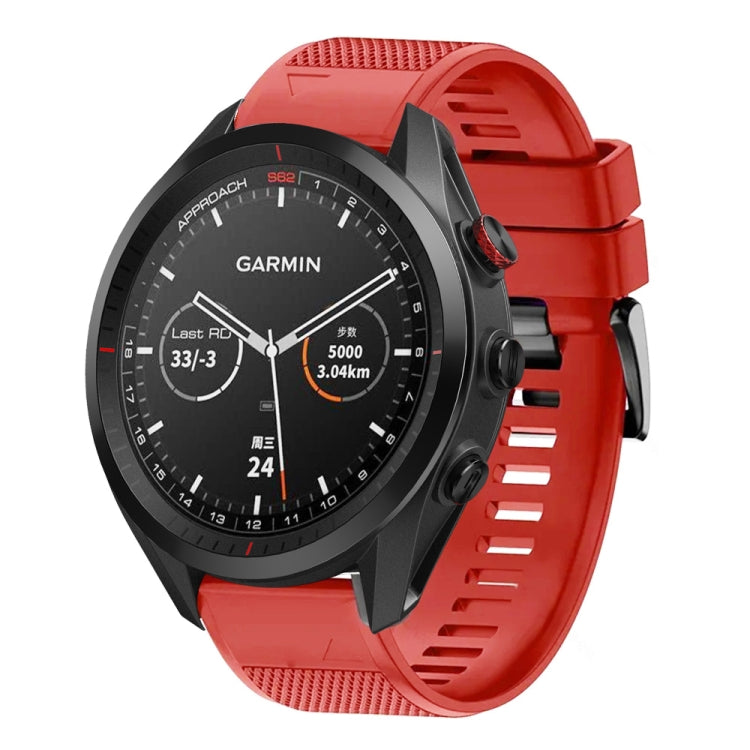 For Garmin Approach S62 Quick Release 22mm Silicone Watch Band(Red) - Watch Bands by buy2fix | Online Shopping UK | buy2fix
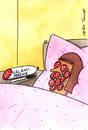 Cartoon: salami (small) by Peter Thulke tagged kosmetik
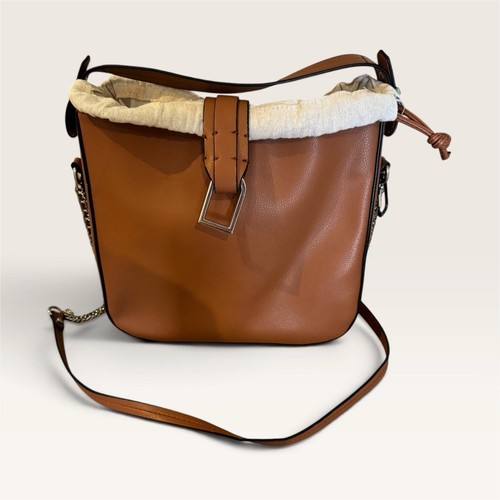 Zara tan cognac bucket - tan,
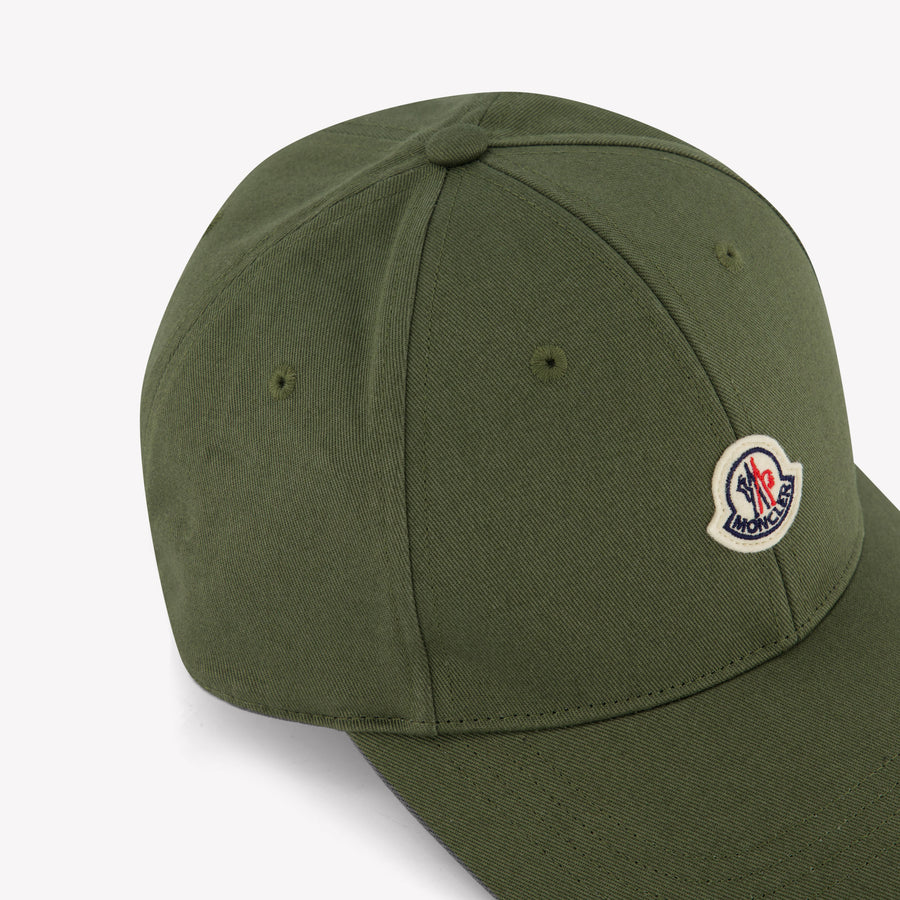 Moncler Kinder Jongens Pet In Olijf Groen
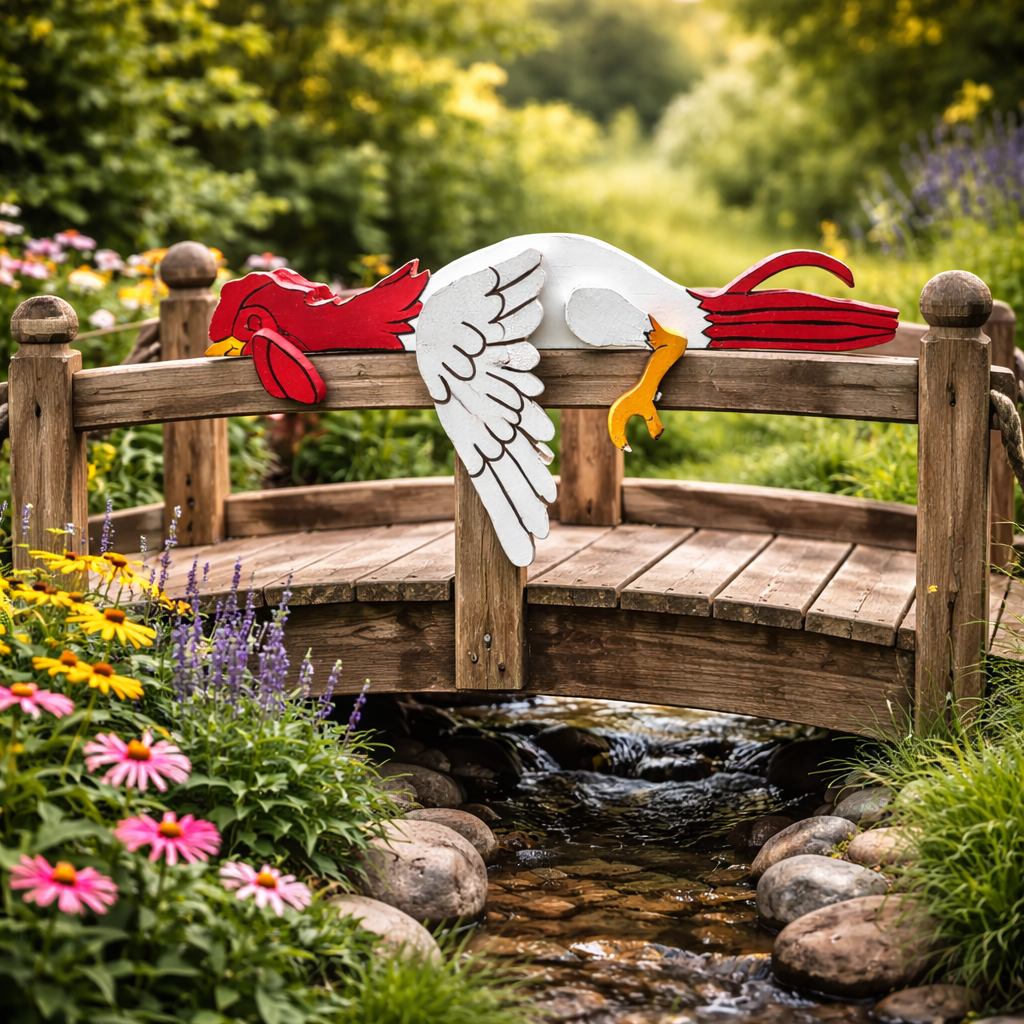 A Humorous Chicken Figurine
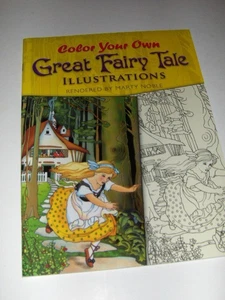 Color Your Own Great Fairy Tale Illustrations adult coloring book - NEW - Picture 1 of 1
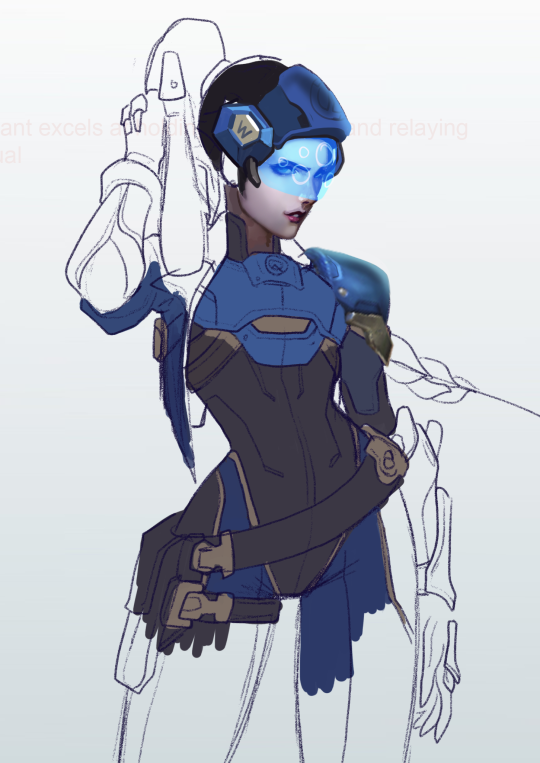 faeriefountainart:  faeriefountainart:  faeriefountainart:   Designing a Widowmaker Skin where she never became an agent of talon and started training with Ana to avenge Gerard after he was assassinated by Talon. Recolor might be blackwatch themed but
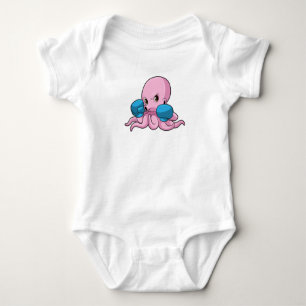 Octopus som Boxer med Boxinghandskar T Shirt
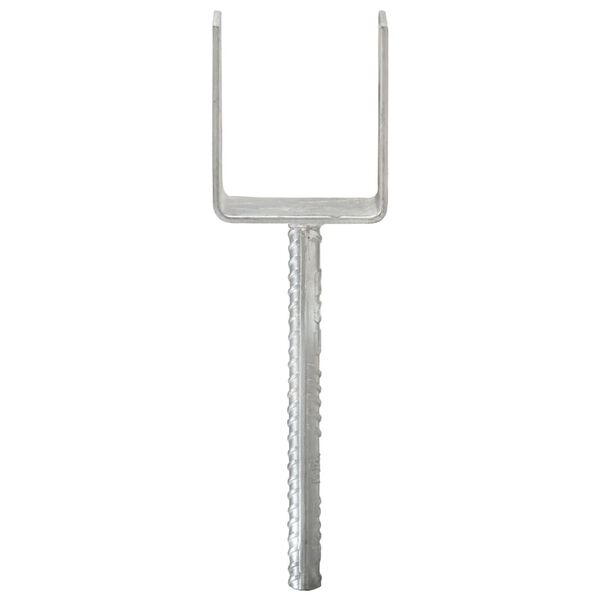 vidaXL &Acirc;ncoras de veda&ccedil;&atilde;o 6 pcs 10x6x30 cm a&ccedil;o galvanizado prateado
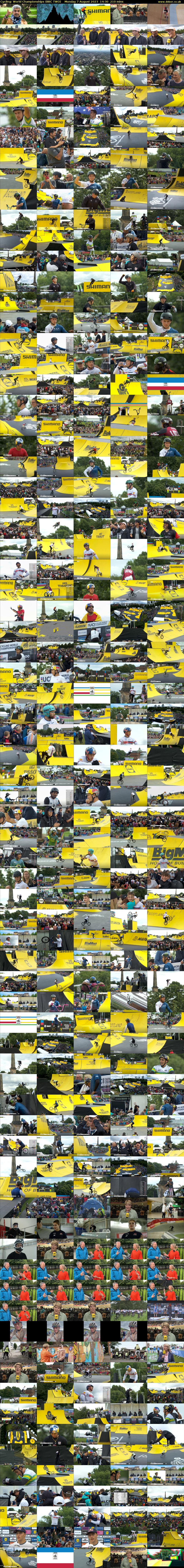 Cycling: World Championships (BBC TWO) Monday 7 August 2023 14:30 - 18:00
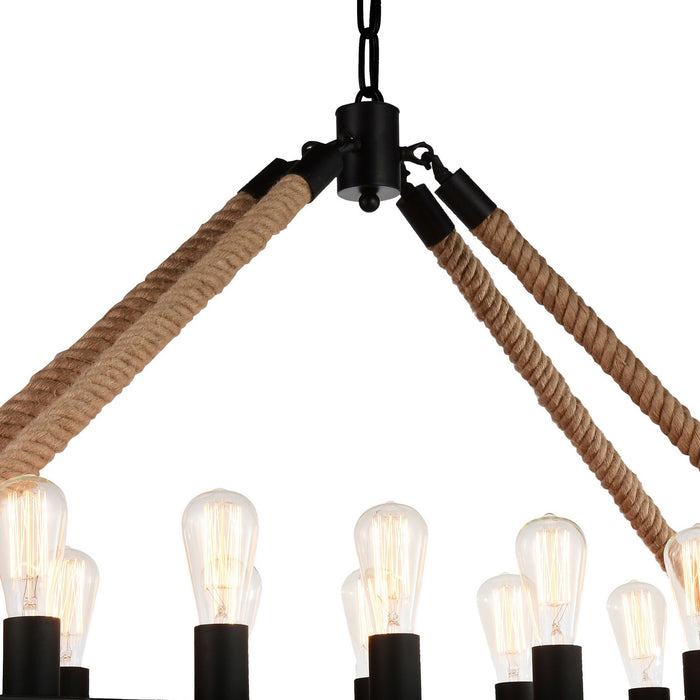 CWI Lighting 9671P49-18-RC-101 Ganges 18 Light Chandelier Black Alt 3.jpg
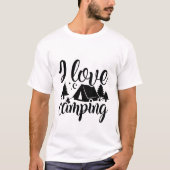 I LIEBE CAMPING - CAMPING T-Shirt (Vorderseite)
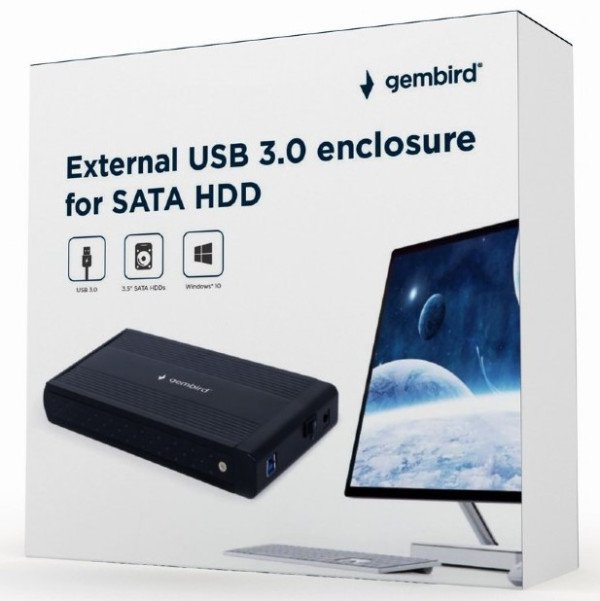 EE3-U3S-3 Gembird USB 3.0 Externo kuciste za 3.5 SATA hard diskove - Slika 3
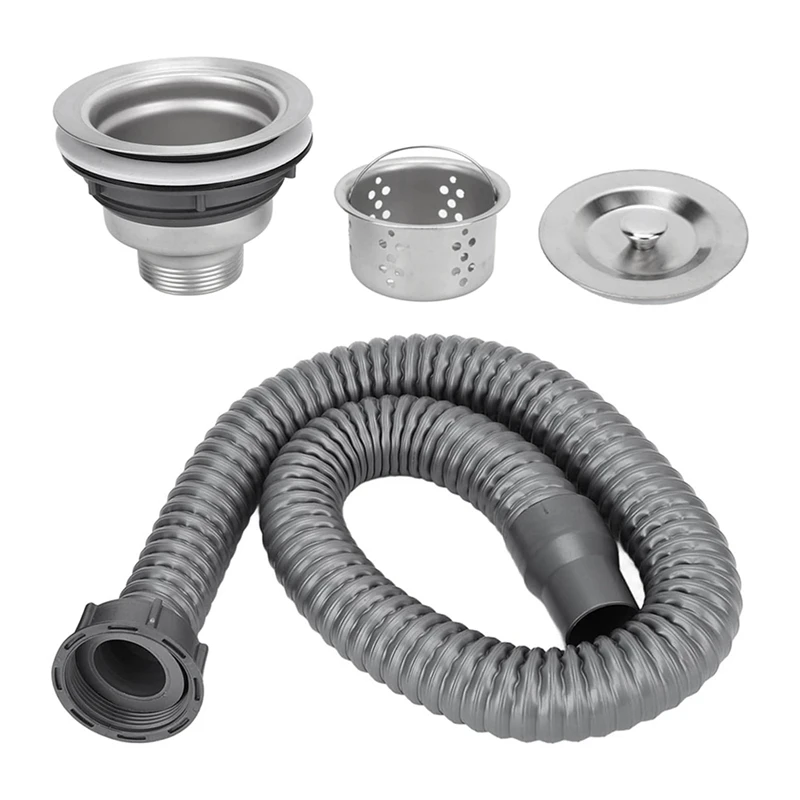 Drain Plug Stainless Steel Sink Plug, Salon Drain Plug, Sink Plug With Hair Catcher For Shampoo Bed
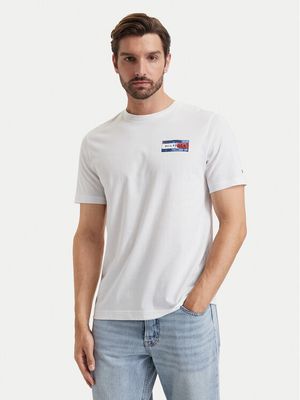 T-shirt męski na wiosnę Tommy Hilfiger ze sklepu: MODIVO w kategorii: T-shirty męskie - zdjęcie WP-EBWP-BKLVO-LN0_0000306179738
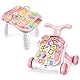 HOMCENT Lauflernhilfe für Mädchen, Laufhilfe Baby, Verstellbarer Baby Speed Walker Schiebe Walker, Früherziehungs Aktivitätszentrum im Sitzen und Stehen, Rosa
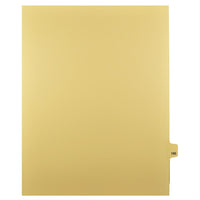 Mark Maker Legal Tabs - Letter Size - Buff - 1/25th cut - 25 tabs per package - 5 packages Pack - Number 195-Buff Single Tabs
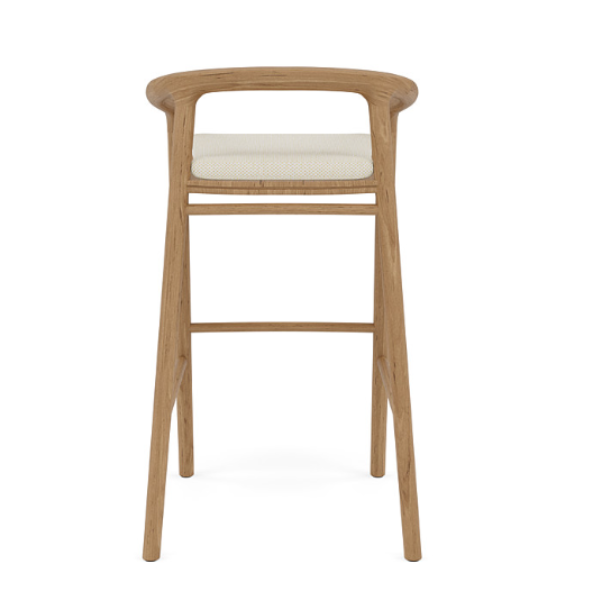 Charlotte Wooden Bar Stool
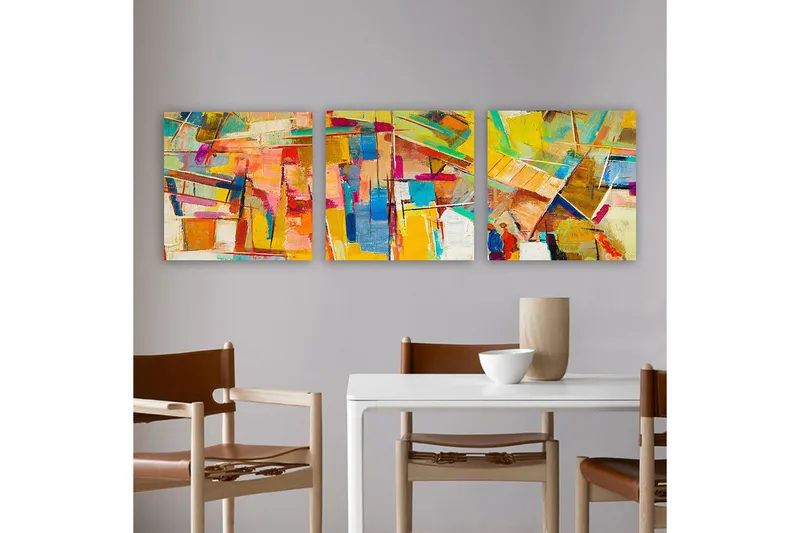 Canvastaulu VP Spain 3-pak Monivärinen - 30x30 cm - Sisustustuotteet - Taulu & taide - Canvas-taulu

-*-*-

Work to complete: Leave every picture out and print exactly the lines from the one that contains "Mark Maker Legal" through the last line of the material above.

Output for this exercise:
 Mark Maker Legal Tabs - Letter Size - Buff - 1/25th cut - 25 tabs per package - 5 packages Pack - Number 195-Buff Single Tabs
 Charlotte Wooden Bar Stool
 Canvastaulu VP Spain 3-pak Monivärinen - 30x30 cm - Sisustustuotteet - Taulu & taide - Canvas-taulu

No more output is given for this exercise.